A scuba diver can choose his own level of proficiency. Maybe he or she wants to get to a certain level (not only regarding certifications, but mostly level of abilities), stop working towards improving his/her skills and just enjoy their dives. Or maybe, the diver will think of each new dive as an opportunity for developing and fine-tuning underwater skills.
The decision is ultimately yours.
It all starts with the kind of training the diver receives. For sure, in order to complete a certain diving course, the trainee will have to perform each required skill correctly and it falls upon the instructor to evaluate. Let’s assume that the trainee diver has accomplished a certain task (removing and replacing the mask, for instance). Does that mean that he has now mastered that skill? No, it does not.
It’s like with your driving license. When I passed my driving exams, yes, it meant that I knew how to parallel-park, the instructor showed me and by copying his movements, I did it correctly. A few years into the future now, and countless instances of parallel parking later, I can assure you that the level of proficiency and ease with which I can now perform this task, can’t even be compared with that first time.
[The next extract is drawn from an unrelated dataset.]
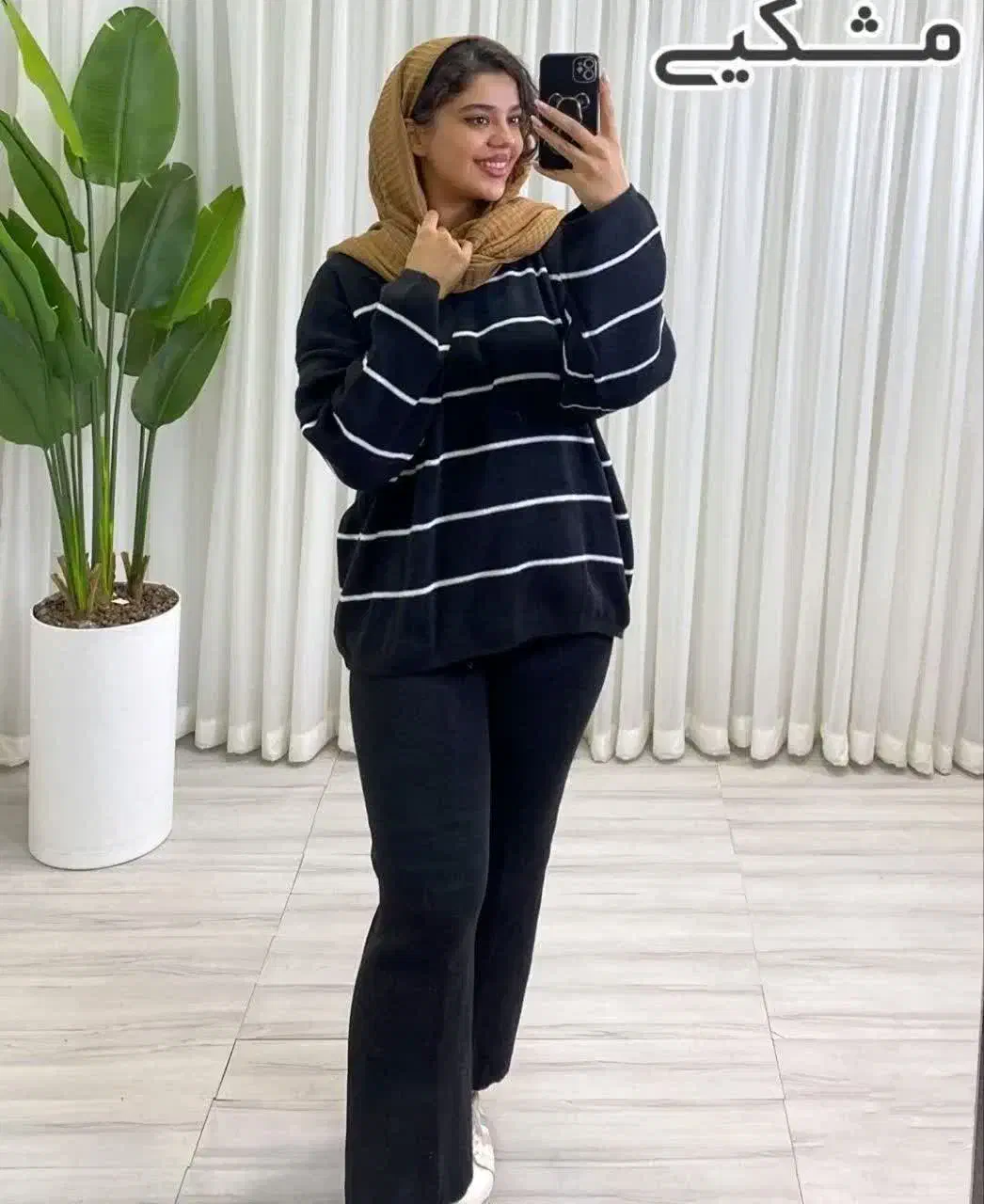 بافت ست وشلوار بافت|لباس|کاشان, حسن آباد|دیوار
It’s exactly like that with the mask (or any other diving skill)… repetition makes us better, shows us our mistakes and weaknesses, and makes it look effortless by engaging out muscle-memory.
Don’t get me wrong, you don’t have to take your dive buddy and head into the water with the sole intention of performing training exercises at 15 ft. but why not use the minutes of the safety stop to spruce up on those skills?
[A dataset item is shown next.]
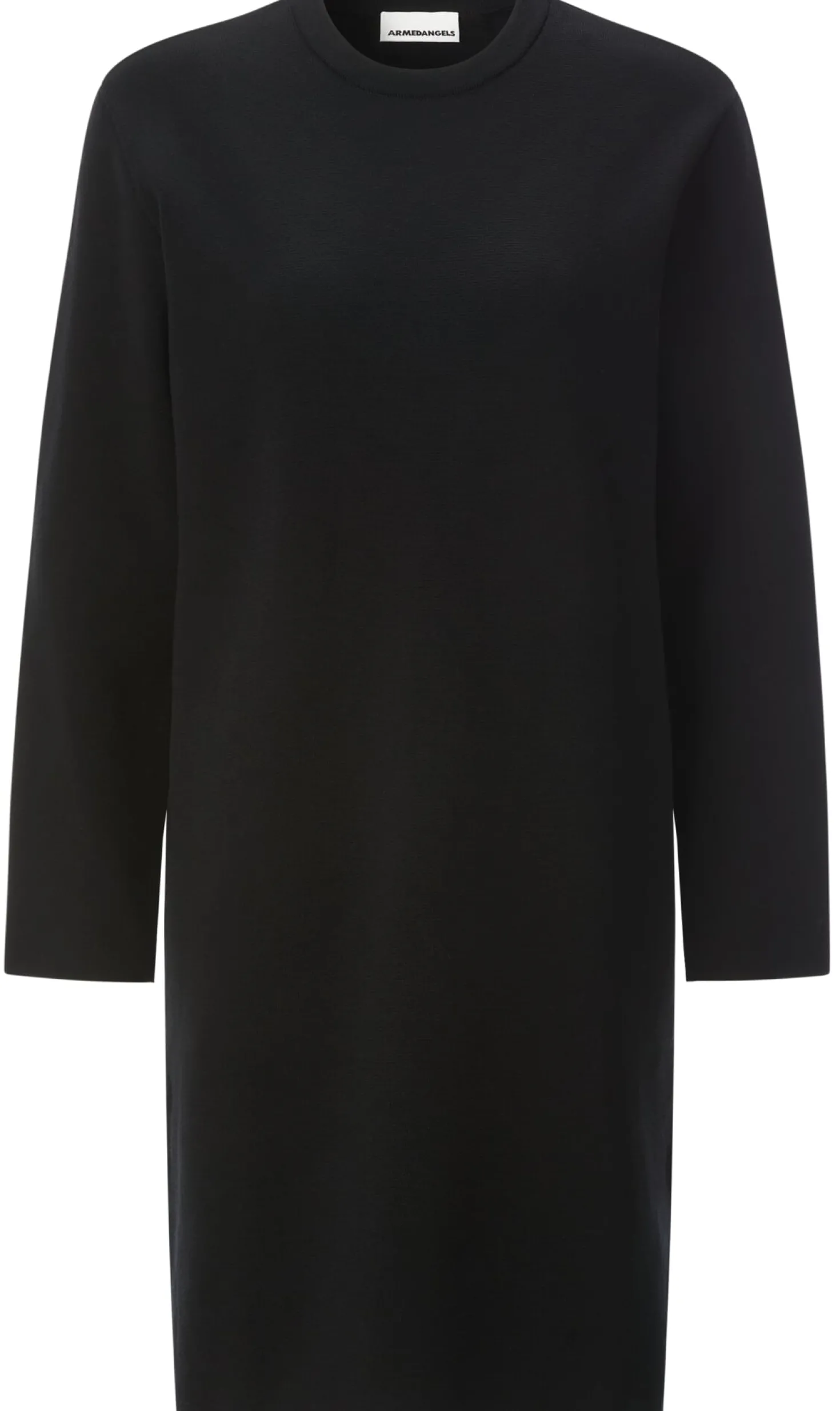 Damen-Strickkleid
Another way of developing our skills is by observing divers more skilled than us and implementing any traits that we think is a match to our personality and way of diving. The way simple… “How can I do that too?” and more often than not, a few minutes later (sometimes, maybe a course later) you will have learned something new.
I wanna leave you with 2 pieces of advice, gained from my own experiences:
Evolution will come… but only if you ask for it! When redoing a task/skill pay attention to each step of the way, so you can close in on your ‘problematic’ area and make the necessary changes to ultimately improve the task as a whole.
Evolution will come… through observation! Our buddy, as an outside observer, is more adept at pointing out our mistakes, so listen to them, talk with them and learn through them.